New Trump budget abolishes USDA catfish inspection program
Monday, June 5,2017AsemconnectVietnam - The US National Fisheries Institute has announced that President Trump’s proposed federal budget rolled out May 24 would transfer the catfish inspection program from the USDA back to the FDA.
According to the budget proposal, reverting to the prior catfish inspectionprogram implemented by the FDA would save an estimated US$2.5 million per annum by eliminating unnecessary and duplicative costs.
“This is just more evidence that anyone looking to cut waste and benefit American Taxpayers, by getting rid of duplicative bloat, recognizes how much of a boondoggle this program has always been.” said Gavin Gibbons of the NFI.
Congress took inspection authority for catfish away from the FDA and gave it to the USDA through provisions in the 2008 and 2014 farm bills.
The shift was viewed as a boon for domestic catfish farmers who have been struggling for years to compete with growing imports from countries like Vietnam, China and Thailand.
Proponents of the switch said the USDA would do a more thorough job of inspecting imports and holding foreign producers to the same identical standards as their US counterparts.
But opponents like Sen. John McCain, Republican-Ariz., have sharply criticized the transfer saying the billions of dollars it cost to move catfish inspection to USDA was an unnecessary burden on taxpayers because FDA could do the job adequately.
McCain led a successful effort to pass a measure in the Senate last year to move inspection back to FDA. The US House of Representatives failed to vote on the measure, despite lawmakers’ claims that they have enough votes to approve it.
One of the core criticisms from McCain and others was the potential for ‘duplicative’ inspections that were likely to occur in facilities that processed both catfish and other seafood that still needed to be inspected by FDA officials.

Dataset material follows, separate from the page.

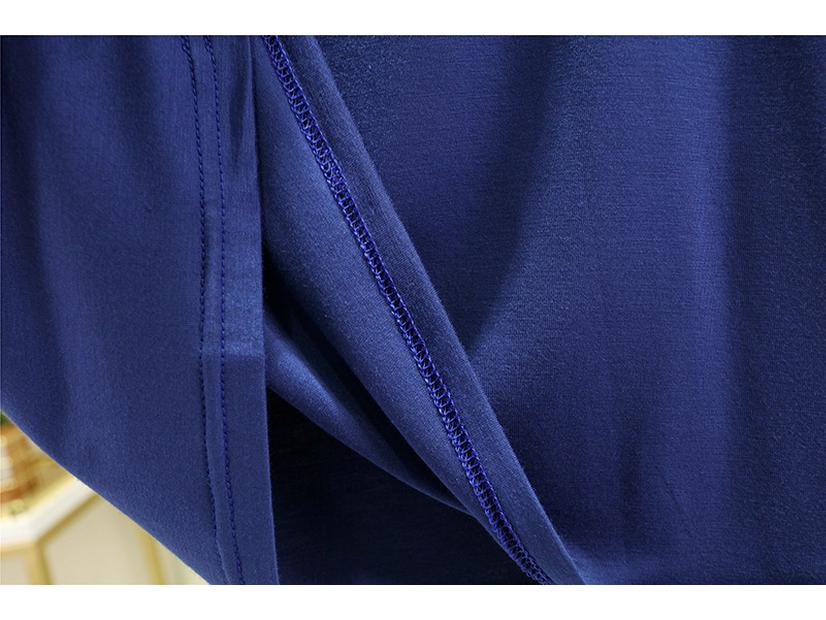 Женский универсальный летний топ с коротким рукавом 2025: Похудение, Свободный крой, Повседневная базовая футболка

“Catfish is an extremely low-risk food product,” said Pennsylvania Republican Joseph Pitts, chair of the Health Subcommittee, in his opening remarks at a hearing titled Waste and Duplication in the USDA Catfish Inspection Program.

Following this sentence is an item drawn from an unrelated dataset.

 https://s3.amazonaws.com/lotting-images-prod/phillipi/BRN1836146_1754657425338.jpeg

“Explicitly creating a program exclusively for catfish is unnecessary and directs resources away from high-risk foods to focus on a food that is one of the safest.”
Rep. Gregg Harper, a Republican from the catfish-producing state of Mississippi, however is one of the few government officials that defends of the USDA catfish inspection program.

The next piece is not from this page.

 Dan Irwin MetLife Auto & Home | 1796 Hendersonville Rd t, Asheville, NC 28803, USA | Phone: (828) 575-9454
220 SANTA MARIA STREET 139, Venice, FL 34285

He contends that the USDA Food Safety and Inspection Service has been successfully blocking hundreds of metric tons of foreign catfish contaminated with illegal antibiotics and other drugs.
Since FSIS began inspecting imported catfish on April 15, 2016 about 156 metric tons of foreign catfish has either been rejected at the border or removed from commerce in the US, according to industry and government officials.
“Overwhelming evidence suggests that imported catfish … represent a significant food safety threat to the American people,” Harper said during the hearing. “Unfortunately, the FDA inspection system was inadequate and it conducted inspections on a mere 0.2% of catfish species.”
Notably, the waste of US taxpayer dollars for the new USDA inspections has been also a problem pointed out in several reports issued by the US Government Accountability Office and it was discussed on many occasions by Steve Morris, a GAO director.
William Jones, FDA deputy director for the Office of Food Safety has also noted numerous times that the catfish inspection was not given to USDA because of any deficiency at FDA.
He highlighted the agency’s targeted approach to inspecting imports, which dedicates more resources to product that comes from the riskiest sources, adding that catfish does not warrant the added scrutiny by the USDA.
The new catfish inspection regime implemented by the USDA will come into full force in Vietnam September 1, 2017.
Exports of catfish from Vietnam to the US are expected to stop at that time— at least until the Vietnam government satisfies that the inspection system in place in the country is substantially the equivalent of that in the US.